• **WORK TO BE COMPLETED**: Word for word, transcribe the data below from the line with "POB Official HOLOGRAM" to the line with "Load image into", keeping both of those lines.

MATERIAL SUPPLIED section start

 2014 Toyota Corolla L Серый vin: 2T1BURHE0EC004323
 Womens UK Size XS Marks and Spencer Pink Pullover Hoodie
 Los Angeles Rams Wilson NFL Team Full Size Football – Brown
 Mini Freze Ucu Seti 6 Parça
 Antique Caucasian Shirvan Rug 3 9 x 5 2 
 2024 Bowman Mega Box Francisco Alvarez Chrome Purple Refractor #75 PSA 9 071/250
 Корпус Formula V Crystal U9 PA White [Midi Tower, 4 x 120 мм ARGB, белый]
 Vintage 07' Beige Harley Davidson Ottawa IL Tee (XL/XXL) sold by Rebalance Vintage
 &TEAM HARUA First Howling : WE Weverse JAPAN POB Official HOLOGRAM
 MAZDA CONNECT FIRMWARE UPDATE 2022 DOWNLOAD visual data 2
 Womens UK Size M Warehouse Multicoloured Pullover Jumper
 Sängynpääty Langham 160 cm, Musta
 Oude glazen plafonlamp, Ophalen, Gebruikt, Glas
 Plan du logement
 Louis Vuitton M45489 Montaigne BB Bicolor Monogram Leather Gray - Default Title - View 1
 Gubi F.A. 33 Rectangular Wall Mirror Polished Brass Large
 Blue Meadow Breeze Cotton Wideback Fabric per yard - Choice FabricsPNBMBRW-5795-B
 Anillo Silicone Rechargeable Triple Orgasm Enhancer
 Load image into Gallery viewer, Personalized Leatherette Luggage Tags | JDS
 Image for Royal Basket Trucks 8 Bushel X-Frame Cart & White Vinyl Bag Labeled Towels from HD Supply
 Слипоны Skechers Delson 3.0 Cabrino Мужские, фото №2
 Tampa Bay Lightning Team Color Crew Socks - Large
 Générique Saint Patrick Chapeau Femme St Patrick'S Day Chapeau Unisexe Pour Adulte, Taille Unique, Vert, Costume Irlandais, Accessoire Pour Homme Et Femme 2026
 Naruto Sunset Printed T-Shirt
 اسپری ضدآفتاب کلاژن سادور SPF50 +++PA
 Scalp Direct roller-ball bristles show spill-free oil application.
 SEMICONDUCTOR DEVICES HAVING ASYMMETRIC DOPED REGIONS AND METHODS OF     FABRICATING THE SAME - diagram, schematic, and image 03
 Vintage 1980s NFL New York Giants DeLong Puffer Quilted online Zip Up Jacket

MATERIAL SUPPLIED section end

• **RESPONSE**:
 &TEAM HARUA First Howling : WE Weverse JAPAN POB Official HOLOGRAM
 MAZDA CONNECT FIRMWARE UPDATE 2022 DOWNLOAD visual data 2
 Womens UK Size M Warehouse Multicoloured Pullover Jumper
 Sängynpääty Langham 160 cm, Musta
 Oude glazen plafonlamp, Ophalen, Gebruikt, Glas
 Plan du logement
 Louis Vuitton M45489 Montaigne BB Bicolor Monogram Leather Gray - Default Title - View 1
 Gubi F.A. 33 Rectangular Wall Mirror Polished Brass Large
 Blue Meadow Breeze Cotton Wideback Fabric per yard - Choice FabricsPNBMBRW-5795-B
 Anillo Silicone Rechargeable Triple Orgasm Enhancer
 Load image into Gallery viewer, Personalized Leatherette Luggage Tags | JDS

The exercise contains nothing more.